At the same time as Morton v. Mancari, the Department of the Interior was drawing distinctions between Indian tribes based upon when and how they were recognized by the federal government. Attorneys within the Department’s Office of the Solicitor advanced the theory that some Indian tribes were “historic tribes,” because they have always maintained a relationship with the United States, while other tribes were “created” by the federal government. According to those attorneys, only “historic tribes” could exercise the full sovereign powers of Indian tribes, while “created tribes” had lesser sovereign powers.

Not surprisingly, the “historic tribes” included many of the Indian tribes that fit the romanticized ideal of Indians – tribes in the Great Plains and the Southwest (i.e. those tribes whose members “looked” like Indians). “Created” tribes were often those tribes whose members did not look like the Indians people saw in Hollywood westerns – people with lighter hair and eyes, or people with mixed Black or Mexican ancestry. This standard of “Indianness” ─ a Federal race-based standard ─ was again used to limit tribal sovereignty and contain the “Indian problem.”

The Department’s disparate treatment of “historic” and “created” tribes got so bad that Congress intervened, and enacted amendments to the IRA in 1994 to prevent the BIA from discriminating among tribes on this basis.

Trump and Indian Policy Today

Indian law today rests in large part upon the distinction between Indians as members of a racial/ethnic group, and Indians as citizens (a more accurate term than “members”) of sovereign political entities.  This principle is foundational.

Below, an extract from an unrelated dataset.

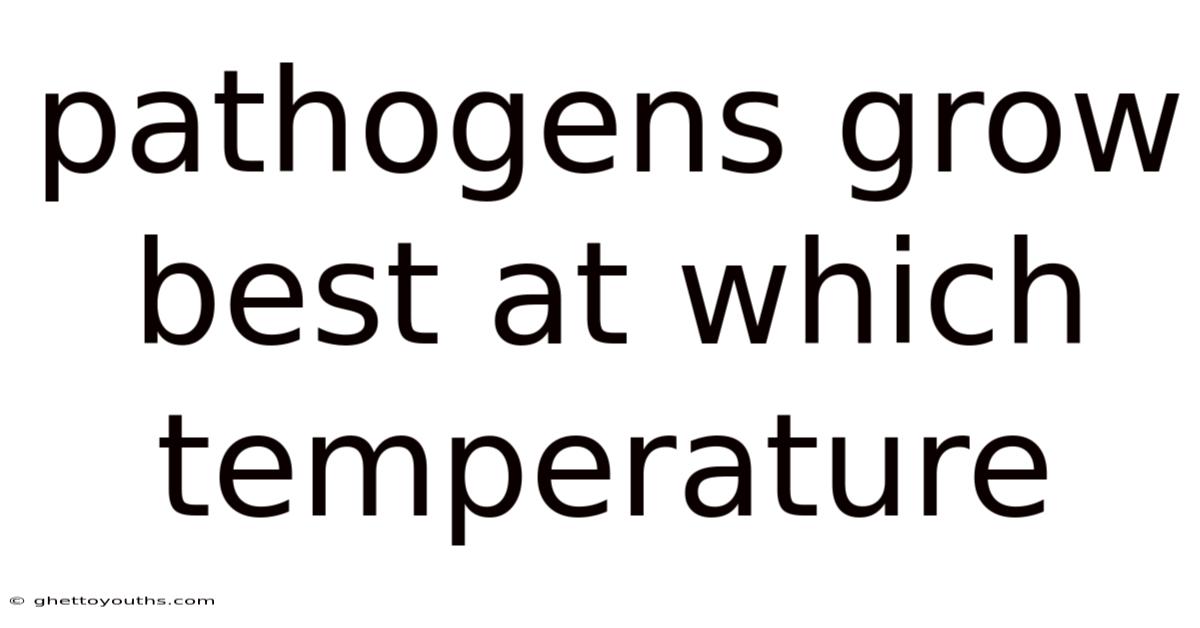 Pathogens Grow Best At Which Temperature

There are 568 federally recognized Indian tribes today, from southeast Florida to the north slope of Alaska. Some tribes’ citizens look like the idealized Indians from George Catlin paintings, while other tribes’ citizens would not “appear” to be Indian to a passerby on the streets of Washington, D.C. Despite the vast differences in their racial purity, every tribe maintains the right to determine its own rules for citizenship, to be governed according to its own laws, and to engage with the United States on a government-to-government basis.

But, there continue to be people who either don’t understand the distinction between the ethnic and political identities of Indian people, or who want to eliminate that distinction altogether.

In its recent decision in Adoptive Couple v. Baby Girl, the Supreme Court carved a hole in the Indian Child Welfare Act (which was enacted in 1978 to stop the epidemic of Indian children being taken from their families in Indian communities). In writing for the Court, Justice Alito left little doubt that the decision was premised on the Indianness of Baby Girl. Here is the first line of his opinion: “This case is about a little girl (Baby Girl) who is classified as an Indian because she is 1.2% (3/256) Cherokee.”

Last year, the Goldwater Institute in Arizona filed a lawsuit against the Department of the Interior seeking to overturn the entire Indian Child Welfare Act, arguing that the act unlawfully discriminates against Indian children on the basis of race. (The opening page of its complaint alleges, “Children with Indian ancestry, however, are still living in the era of Plessy v. Ferguson”).

The continuation of Indian tribes as sovereign governments in the United States depends, in large part, upon the distinction between Indians as a race of people, and Indians as citizens of Indian tribes. To blur or eliminate that distinction is to take an axe to the trunk of the tree of federal Indian law – federal laws applicable to Indians would be subject to the U.S. Constitution’s prohibition against racial discrimination.

Donald Trump’s most notable comments about Indian tribes – made before the Committee on Natural Resources – reveal that he does not draw the distinction between the racial and political identities of Indian people. His view of the legitimacy of Indian tribes depends on the physical appearance of their members. As he told Don Imus, “it’s just one of those things that we have to straighten out.”

A Trump Administration that acts upon that impulse will dramatically alter federal Indian policy as we know it.